ATHENS – With the political infighting over, Greece’s interim Prime Minister to head a coalition government to enable the country to keep getting critical international loans seems likely to be former European Central Bank (ECB) Vice-President Lucas Papademos. The newspaper To Vima, without citing sources, said Papademos, 65, a widely respected figure in Greece, with a strong background in both academics and finance was the compromise choice after bickering between Socialist Prime Minister George Papandreou, who will step down, and Conservative New Democracy party leader Antonis Samaras. Wrangling between them threatened to derail chances for a unity government necessary before the Troika of the European Union-International Monetary Fund-ECB would release the next installment of $11 billion in an ongoing series of emergency rescue loans in a first bailout of $157 billion begun last year.

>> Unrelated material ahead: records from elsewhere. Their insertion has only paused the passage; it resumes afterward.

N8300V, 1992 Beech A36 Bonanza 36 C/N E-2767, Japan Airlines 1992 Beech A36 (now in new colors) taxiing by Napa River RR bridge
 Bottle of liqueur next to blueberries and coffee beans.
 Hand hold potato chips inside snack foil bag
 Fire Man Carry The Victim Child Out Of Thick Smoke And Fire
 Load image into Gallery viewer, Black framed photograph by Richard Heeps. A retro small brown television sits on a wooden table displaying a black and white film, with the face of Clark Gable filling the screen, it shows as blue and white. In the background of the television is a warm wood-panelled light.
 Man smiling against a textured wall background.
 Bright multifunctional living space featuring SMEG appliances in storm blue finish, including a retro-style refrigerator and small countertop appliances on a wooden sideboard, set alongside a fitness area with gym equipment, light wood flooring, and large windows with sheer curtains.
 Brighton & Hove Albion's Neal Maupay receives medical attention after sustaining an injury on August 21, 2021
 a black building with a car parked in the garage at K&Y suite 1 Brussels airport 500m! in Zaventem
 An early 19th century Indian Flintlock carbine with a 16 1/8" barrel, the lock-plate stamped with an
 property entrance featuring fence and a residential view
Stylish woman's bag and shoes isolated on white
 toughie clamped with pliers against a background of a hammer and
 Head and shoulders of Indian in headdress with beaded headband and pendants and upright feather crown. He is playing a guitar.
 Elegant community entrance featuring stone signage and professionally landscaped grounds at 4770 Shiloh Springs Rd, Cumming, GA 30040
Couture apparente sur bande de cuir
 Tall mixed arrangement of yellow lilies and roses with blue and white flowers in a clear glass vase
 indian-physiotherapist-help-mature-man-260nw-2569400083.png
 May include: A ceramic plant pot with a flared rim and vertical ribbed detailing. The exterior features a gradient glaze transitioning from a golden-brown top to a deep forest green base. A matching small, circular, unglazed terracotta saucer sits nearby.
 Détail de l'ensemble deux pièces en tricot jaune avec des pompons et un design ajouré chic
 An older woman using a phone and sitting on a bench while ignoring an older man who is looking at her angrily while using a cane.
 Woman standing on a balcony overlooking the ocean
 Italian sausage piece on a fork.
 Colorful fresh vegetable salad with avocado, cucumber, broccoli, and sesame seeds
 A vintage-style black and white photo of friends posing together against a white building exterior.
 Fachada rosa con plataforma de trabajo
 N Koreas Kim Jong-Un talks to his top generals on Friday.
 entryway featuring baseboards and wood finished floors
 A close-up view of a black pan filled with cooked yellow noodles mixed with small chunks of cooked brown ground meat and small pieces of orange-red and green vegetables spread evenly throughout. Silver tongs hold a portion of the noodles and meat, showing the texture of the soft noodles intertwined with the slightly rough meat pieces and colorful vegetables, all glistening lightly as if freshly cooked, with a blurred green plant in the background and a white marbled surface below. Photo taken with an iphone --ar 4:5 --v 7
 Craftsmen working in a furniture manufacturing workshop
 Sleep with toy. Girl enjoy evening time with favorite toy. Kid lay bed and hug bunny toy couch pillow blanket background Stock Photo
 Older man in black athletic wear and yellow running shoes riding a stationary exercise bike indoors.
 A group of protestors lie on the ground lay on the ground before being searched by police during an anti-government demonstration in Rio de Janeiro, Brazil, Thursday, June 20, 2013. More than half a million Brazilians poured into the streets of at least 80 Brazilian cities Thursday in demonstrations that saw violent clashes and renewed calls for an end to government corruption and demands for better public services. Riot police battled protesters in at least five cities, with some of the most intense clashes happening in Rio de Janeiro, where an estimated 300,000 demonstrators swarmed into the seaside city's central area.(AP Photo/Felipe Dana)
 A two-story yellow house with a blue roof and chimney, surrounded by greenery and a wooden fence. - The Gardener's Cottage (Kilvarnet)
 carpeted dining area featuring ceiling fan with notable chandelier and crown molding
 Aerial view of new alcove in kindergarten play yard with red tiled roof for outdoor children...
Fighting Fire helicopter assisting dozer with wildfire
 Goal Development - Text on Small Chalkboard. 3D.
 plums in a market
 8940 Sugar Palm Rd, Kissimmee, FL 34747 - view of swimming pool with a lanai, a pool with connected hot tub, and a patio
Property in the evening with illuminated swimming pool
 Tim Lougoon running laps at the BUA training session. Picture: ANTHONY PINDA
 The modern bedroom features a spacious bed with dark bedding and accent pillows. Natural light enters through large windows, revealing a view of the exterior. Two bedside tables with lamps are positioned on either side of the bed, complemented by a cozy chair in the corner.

A second bailout of $180 billion, also in in the works, could have been cancelled as well if Greece did not have a government in place by Nov. 7.
That’s when Finance Minister Evangelos Venizelos, who at one point seemed to have a chance to take the helm although he is highly unpopular after imposing a raft of new tax hikes on workers and the poor, and slashing pensions while letting tax evaders go nearly unpunished, is scheduled to be in Brussels to meet leaders of the Eurozone , the 17 countries using the euro as a currency. EU leaders said if Greece did not form a unity government to accept terms of the bailout, including new austerity measures that have led to protests, riots and strikes, then the country could be forced out of the Eurozone – perhaps even the EU – and the money tap would be shut off, leaving workers and pensioners without pay or benefits.
Papoulias canceled a meeting with all the Parliament’s party leaders after the Communists and Leftist group SYRIZA refused to attend, saying the new government was not legitimate because it would not come from elections, which the Prime Minister’s office said would be held after lawmakers agree to implement the bailout. The biggest stumbling block was removed when Samaras withdrew his long-held objections the plan and said his party would approve it although he said he remains opposed to the austerity measures.
Papandreou set in motion a series of Machiavellian-like machinations on Nov. 4 when he sought, and got, a vote of confidence from the Parliament his PASOK party controls, but only after he was forced to cancel a referendum on the second bailout. That came after bitter denunciations from EU leaders who said if the question was defeated then that also could have led to Greece leaving the Eurozone and being on its own and forced into bankruptcy. The country is buried under $460 billion in debt caused by generations of the rival PASOK and New Democracy parties packing payrolls with political hires in return for votes, a lack of foreign investment and an uncompetitive economy with a more than 10 percent deficit.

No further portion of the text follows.